October 17-November 20, 2002
By Indradyumna Swami
“While wearing the loincloth and torn quilt of a renunciate, maintaining my life with fruits that have fallen from the trees, discussing transcendental topics, not wasting time in any manner, giving up all kind of false ego, and begging alms door to door, I will constantly reside in the forest of Vrindadevi following in the footsteps of those who are completely surrendered to Sri Radhika.”
[Sri Vrindavan-mahimamrta, Sataka 1, Text 64]
While on the road from Delhi to Vrindavan, I decided to write a mission statement of how I would conduct myself and what I hoped to achieve during my two-month stay in the holy dhama. I had experience from the past that unless one is focused on spiritual activities, precious time in holy places can be whittled away socialising and simply caring for bodily needs. I searched through the scripture and found a verse that seemed appropriate for one in the renounced order of life living in the holy dhama:
gramya katha na sunibe, gramya varta na kahibebhala na khaibe ara bhala na paribeamani manada hana krsna nama sada la’bevraje radha krsna seva manase karibe
“Do not talk like people in general or hear what they say. You should not eat very palatable food, nor should you dress very nicely. Do not expect honor, but offer all respect to others. Always chant the holy name of Krsna, and within your mind render service to Radha and Krsna in Vrindavan.”
[Caitanya-caritamrta, Antya-lila 6.236-7]

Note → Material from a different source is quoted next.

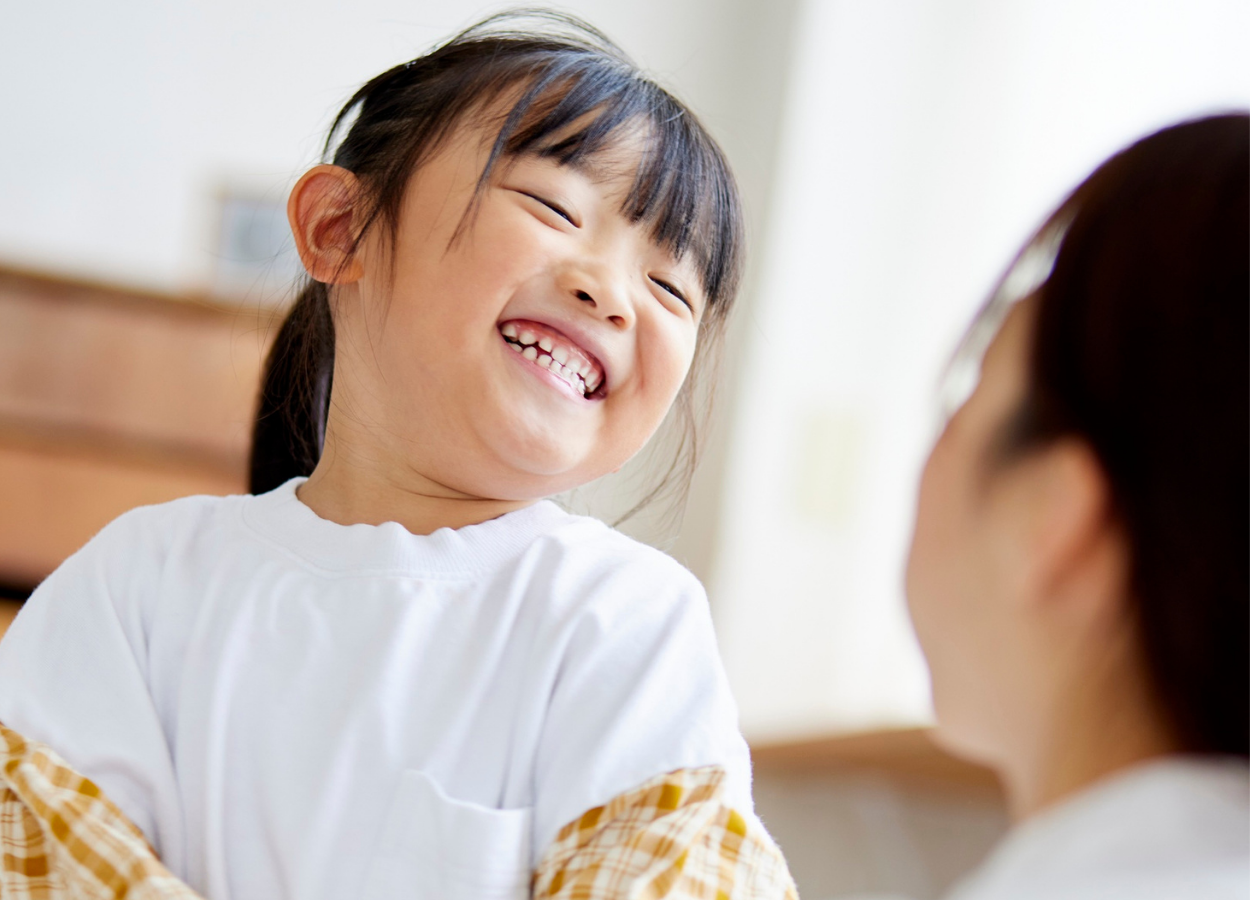 A young girl with dark hair smiling and showing her teeth, looking at a woman.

Upon arriving at ISKCON’s Bhaktivedanta Asrama, just meters away from the sacred Govardhan Hill, I settled into my simple quarters and made plans how to apply my mission statement. Not hearing what people in general had to say seemed the easiest part, for there are no newspapers or magazines at Govardhan. Despite the fact that nearby Vrindavan has grown immensely during the past few years, being a popular destination for seekers of the truth and tourists alike, the area around Govardhan Hill remains much as it has been for centuries – simple and rural. Besides, any newspapers that might find their way to the area would be in Hindi, saving me from any temptation.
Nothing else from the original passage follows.